YOUNGER EYES SEE the world with more saturation—literally. The clear human lens yellows as a result of absorbing UV light to protect the back of the eye and this dulls the vibrancy of color perception overtime. When I was eight, a cheese pizza after a day at the hotel pool was a gourmet meal. Yet now, a cheese pizza after a long day at an amusement park is a sign of defeat, the last resort after trying all the restaurants you needed reservations for. Somewhere inside me, that cheese pizza is still a Michelin-grade meal. There is still a child in me that believes that, but so much needs to be shed to see the world that way again, it’s nearly impossible. I’ll sit at a cafe in Melbourne or New York now, sip a cappuccino and it blows me away, but it’s not the same. I’m not as lost as I was back then, in San Diego, and this cappuccino isn’t as there for me as that random cup of coffee was back then. What’s important is at the time, that was the best cup of coffee I had in my life and by memory, it still is—partially by fact but mostly by choice. No amount of reality can change what memory ingrained in permanent ink.
I love that you added a playlist to this and gave it audio ambiance.
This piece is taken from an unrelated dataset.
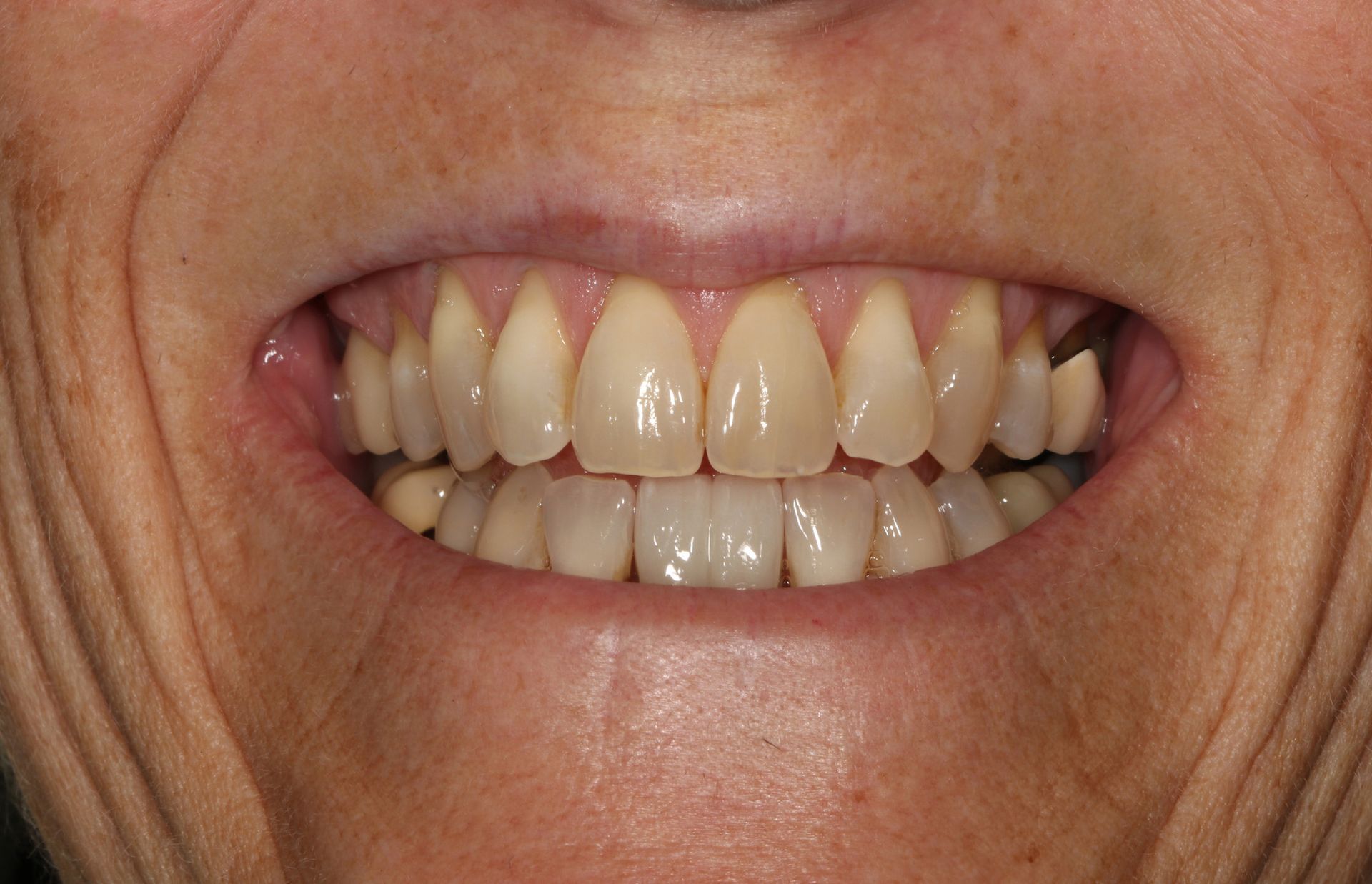 A close up of a person 's mouth with white teeth.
I have a running 'Baron's Playlist' featuring several of the musical gems you use on Insta. I've tucked my own into it as well.
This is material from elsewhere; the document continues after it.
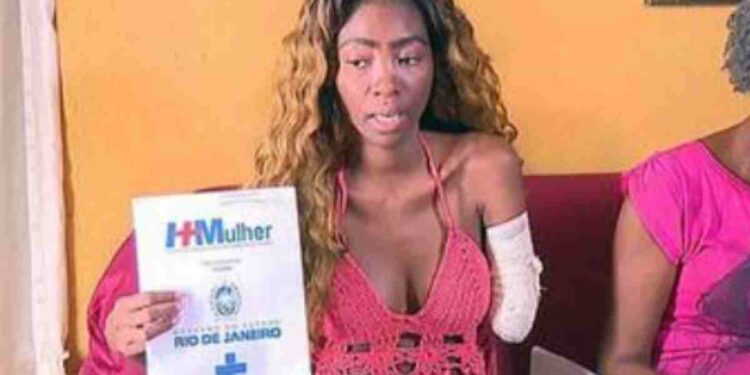 Amputan brazo a guapa bailarina de samba; acusa error médico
I think it's all about perspective... the coffee, and the pizza. When you're a kid, your sphere of known reality is marble-sized. Swimming pools, and cheese pizza, and bicycles are almost everything in relation to the measure of that marble. The more you grow, the more you see through your heart, and head, and eyes, and the swimming pool becomes the ocean, the cheese pizza becomes a multi-course meal served on fine china with linens and a string quartet. The bicycle becomes a machine with four tires and good speakers that flies along the road. The marble has grown as big as the whole wide world, and so has the view.
Years on from that, perhaps simplicity returns in another way as our perspectives have expanded enough that we see ourselves minuscule in the vastness of the universe. The ocean reduces to a little pond down the lane where we stroll to feed the ducks. A warm cup of tea is plenty satisfactory, and the wheels have transformed into a park bench or a café table where we sit with a friend to remember the moments that stand out most.
Moments like that cup of coffee in San Diego, on a foggy morning, with love and pride stirred into it like the sugar and cream of life. The best cup of coffee ever.
Perhaps it isn't the color that changes so much in our view as the relativity of the size of our world and our experience in it that evolves with time. Perhaps it's both, or neither, but it's an interesting point to explore. I'll be thinking about it a while.
Thank you.
The comment about your eyes becoming more yellow is fascinating. I never knew that and now I’d quite like for that to stop happening.